No Child Support is a No-No
May 19, 2020 § 4 Comments
Only last week I had two PSA’s presented to me in which the parties agreed to waive child support for the non-custodial parent. I refused to sign the judgments. The reason is that the parties are not at liberty to enter into such an agreement. The law could not be clearer.
This is from the case of Varner v. Varner, 588 So.2d 428, 432-33 (Miss. 1991):
Courts award child support to the custodial parent for the benefit and protection of the child. Lawrence v. Lawrence, 574 So.2d 1376, 1381 (Miss.1991); Cumberland v. Cumberland, 564 So.2d 839, 847 (Miss.1990); Nichols v. Tedder, 547 So.2d 766, 781 (Miss.1989); Alexander v. Alexander, 494 So.2d 365, 368 (Miss.1986). Such benefits belong to the child, and the custodial parent has a fiduciary duty to hold them for the use of the child. Sorrell v. Borner, [593 So.2d 986, 987 (Miss. 1991)]; Cumberland, 564 So.2d at 847; Alexander, 494 So.2d at 368; Trunzler v. Trunzler, 431 So.2d 1115, 1116 (Miss.1983). Such support obligations vest in the child as they accrue, and no court may thereafter modify or forgive them if they be not paid. Premeaux v. Smith, 569 So.2d 681, 685 (Miss.1990); Thurman v. Thurman, 559 So.2d 1014, 1016–17 (Miss.1990); Cumberland, 564 So.2d at 847; Brand v. Brand, 482 So.2d 236, 237 (Miss.1986); Hailey v. Holden, 457 So.2d 947, 951 (Miss.1984); Hambrick v. Prestwood, 382 So.2d 474, 476 (Miss.1980). The only defense to an action therefor is payment.

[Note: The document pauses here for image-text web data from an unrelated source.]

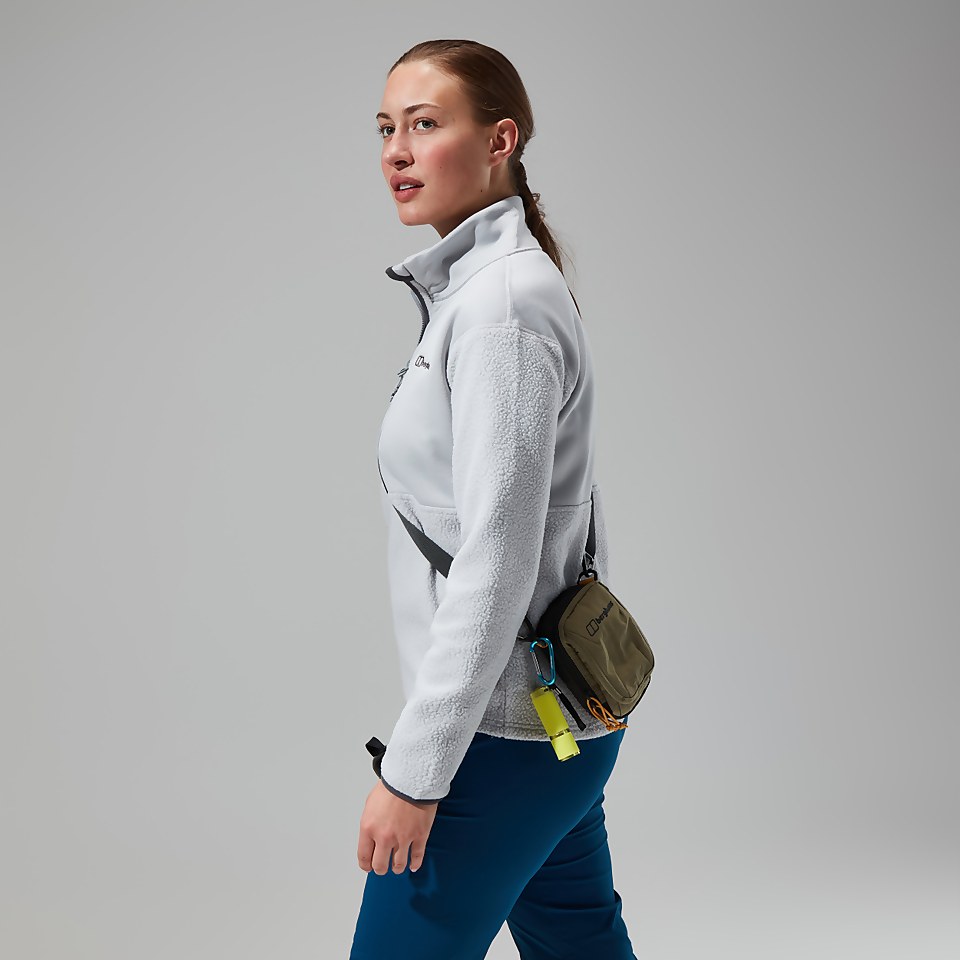Fadley Half Zip Fleece für Damen - Hellgrau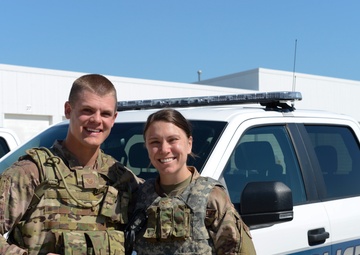 Dual Air Guard couple celebrates wedding anniversary while serving community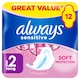 image 1 of Always Sensitive Long Size 2 Sanitary Towels With Wings 12 Pack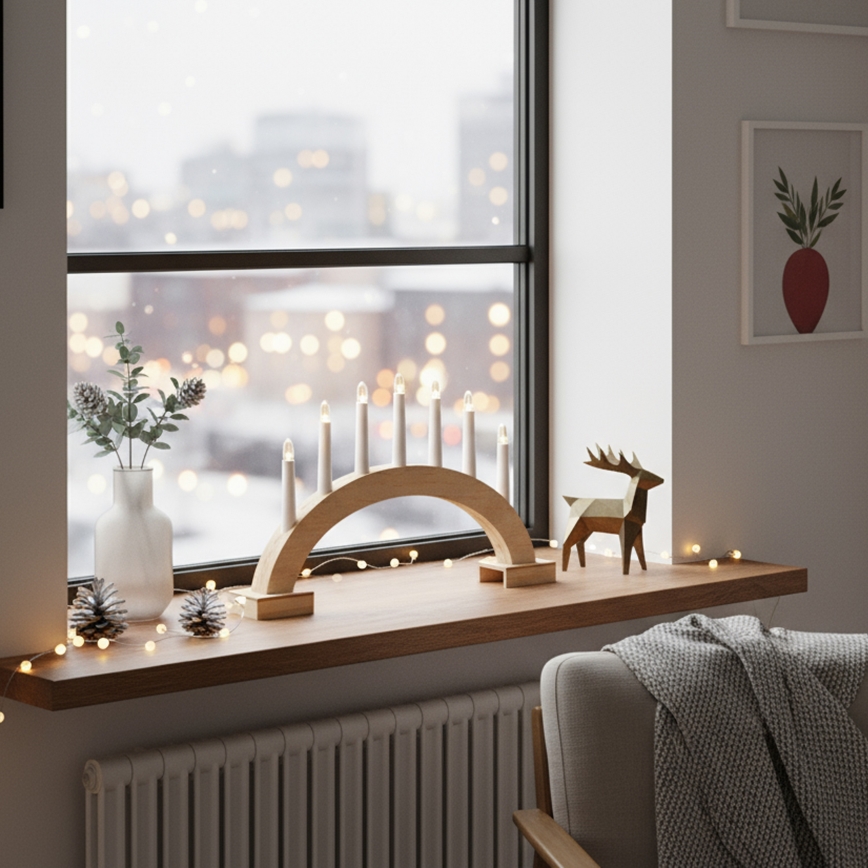 Brilagi - LED joulukynttelikkö 7xLED/2xAA 28x45 cm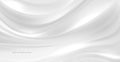 Smooth elegant white silk texture abstract background. Luxurious background design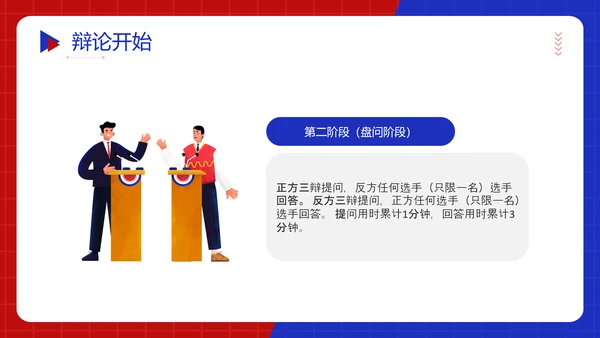 红蓝对抗赛PK超级辩论赛ppt模板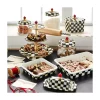 Outlet MacKenzie-Childs Courtly Check Enamel Butter Box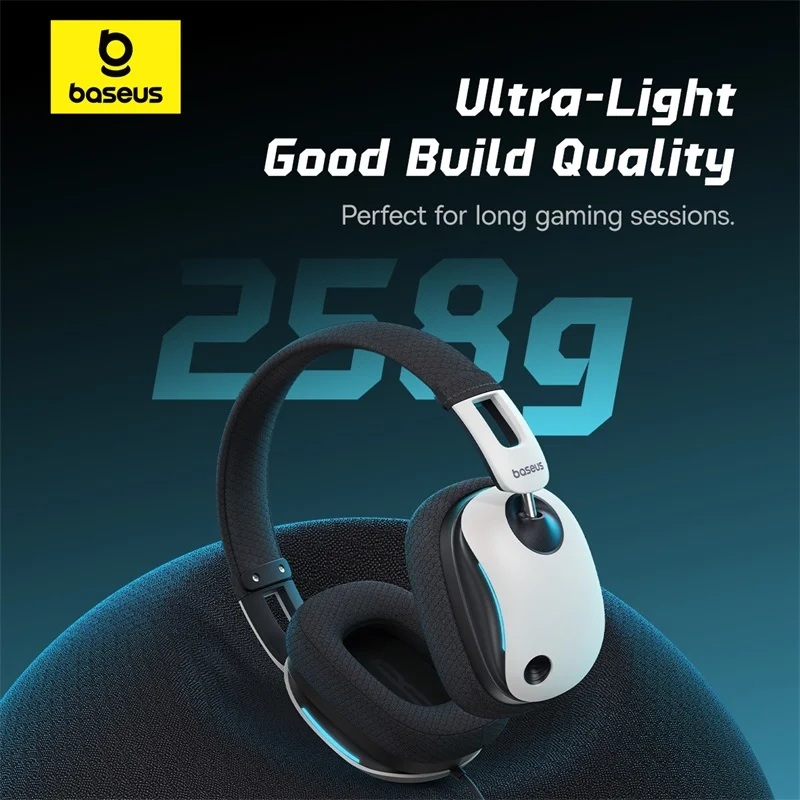 Baseus Headphones Wired Gaming USB GoPlay 1+ Max White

No party obligated by a judicial decree to provide support for minor children may resort to self help and modify his or her obligation with impunity. The interest of children weighs in the judicial mind far heavier than those of either parent.
Cumberland, 564 So.2d at 847.
In Calton v. Calton, 485 So.2d 309, 310–11 (Miss.1986), this Court refused to recognize a contract between divorced parents, containing a covenant not to sue for child support. We agreed with the Florida court in Lang v. Lang, 252 So.2d 809, 812 (Fla.Dist.Ct.App.1971); that
[t]he basic right of the minor child to be supported by its parents is not affected by an agreement between the parties with respect to such obligations; “children are not chattels whose rights can be bargained away by parents”….
Calton, 485 So.2d at 310; see also, Lawrence v. Lawrence, 574 So.2d at 1381.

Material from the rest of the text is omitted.